Le sous-lieutenant Kinz a demandé des volontaires pour être « caporal-incorpo », c’est-à-dire pour passer deux jours à la compagnie d’appui, conduire un groupe de jeunes arrivants lors de leurs passages au coiffeur, à l’habillement, à la visite médicale, et leur apprendre les premiers rudiments avant qu’ils ne soient confiés à leurs véritables cadres. Finalement, deux soldats sont désignés : Denis Couvard et moi.

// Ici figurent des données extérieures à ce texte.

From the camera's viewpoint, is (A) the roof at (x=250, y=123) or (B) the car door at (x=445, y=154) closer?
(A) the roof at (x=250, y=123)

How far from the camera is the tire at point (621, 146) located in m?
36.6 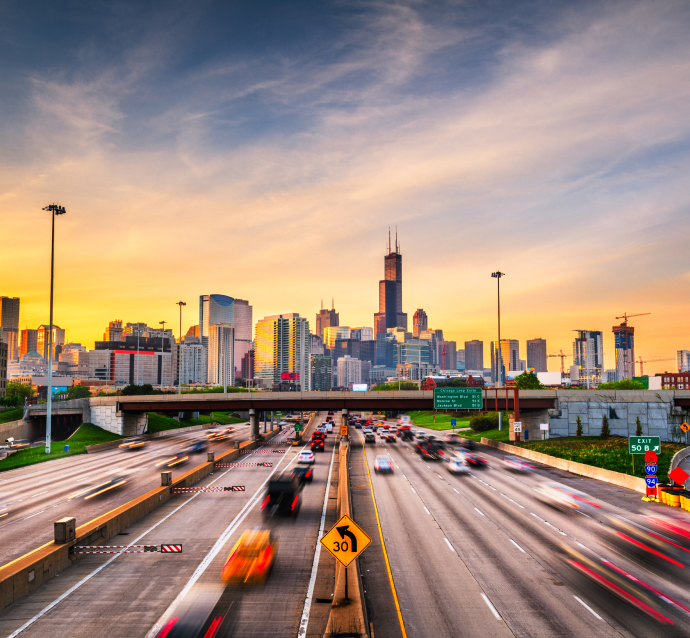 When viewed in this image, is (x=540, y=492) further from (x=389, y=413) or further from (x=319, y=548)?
(x=389, y=413)

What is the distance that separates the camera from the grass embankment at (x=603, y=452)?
47938 mm

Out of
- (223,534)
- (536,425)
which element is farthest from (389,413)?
(223,534)

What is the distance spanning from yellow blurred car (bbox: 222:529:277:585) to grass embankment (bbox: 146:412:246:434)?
77.0m

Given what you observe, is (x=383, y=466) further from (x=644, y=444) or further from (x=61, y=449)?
(x=61, y=449)

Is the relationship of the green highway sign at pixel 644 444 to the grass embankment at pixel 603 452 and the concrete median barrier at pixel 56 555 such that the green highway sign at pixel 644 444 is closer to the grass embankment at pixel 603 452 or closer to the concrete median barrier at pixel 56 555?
the grass embankment at pixel 603 452

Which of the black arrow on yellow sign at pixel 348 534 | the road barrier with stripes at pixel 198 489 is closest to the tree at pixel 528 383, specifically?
the road barrier with stripes at pixel 198 489

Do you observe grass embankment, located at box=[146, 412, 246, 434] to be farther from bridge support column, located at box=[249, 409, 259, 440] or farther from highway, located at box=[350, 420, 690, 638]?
highway, located at box=[350, 420, 690, 638]

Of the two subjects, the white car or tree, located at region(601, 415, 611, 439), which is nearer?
the white car

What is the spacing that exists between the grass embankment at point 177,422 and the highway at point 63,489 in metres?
33.5

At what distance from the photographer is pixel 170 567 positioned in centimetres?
2112

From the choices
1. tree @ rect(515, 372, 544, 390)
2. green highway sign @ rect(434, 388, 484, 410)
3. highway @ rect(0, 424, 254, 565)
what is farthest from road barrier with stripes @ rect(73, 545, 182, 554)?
tree @ rect(515, 372, 544, 390)

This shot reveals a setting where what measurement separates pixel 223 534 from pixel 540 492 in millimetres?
23581

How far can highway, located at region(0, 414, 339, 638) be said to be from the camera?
15.8m

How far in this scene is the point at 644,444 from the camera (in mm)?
38188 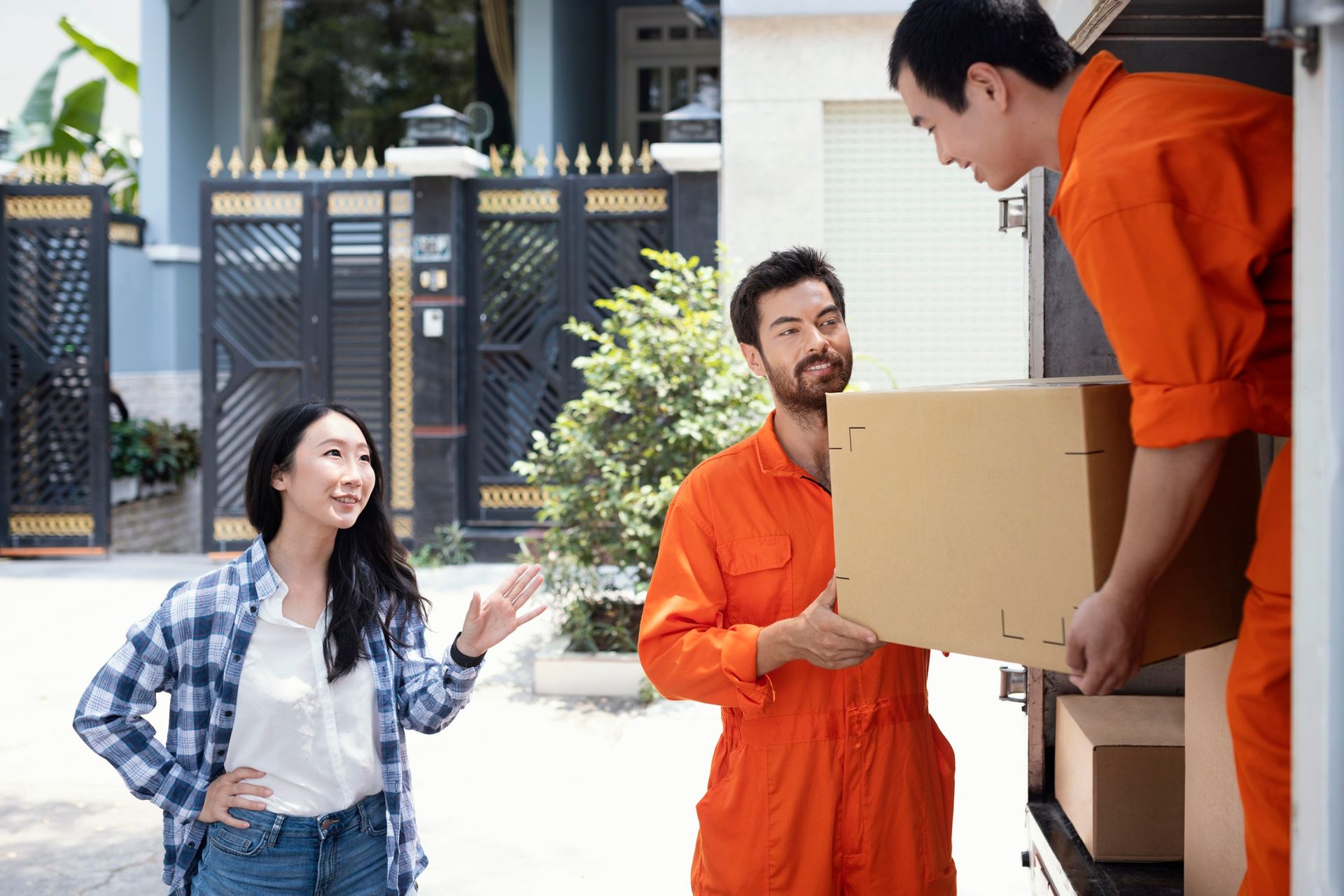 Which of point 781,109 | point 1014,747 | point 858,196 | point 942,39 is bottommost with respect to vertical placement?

Je suis impatient de pouvoir retourner dans les bâtiments de la onzième compagnie, de pouvoir revoir les choses mais de l’autre côté, avec cette assurance qui est maintenant la mienne. De pouvoir juger ce temps de cauchemar à l’aune de mon expérience présente.
Denis Couvard et moi mettons nos plus beaux treillis, portons fourragère, pucelle régimentaire, et mêmes galons aux épaules comme notre appartenance à la musique nous le permet. Nous partons à pied pour la compagnie, en échangeons quelques mots.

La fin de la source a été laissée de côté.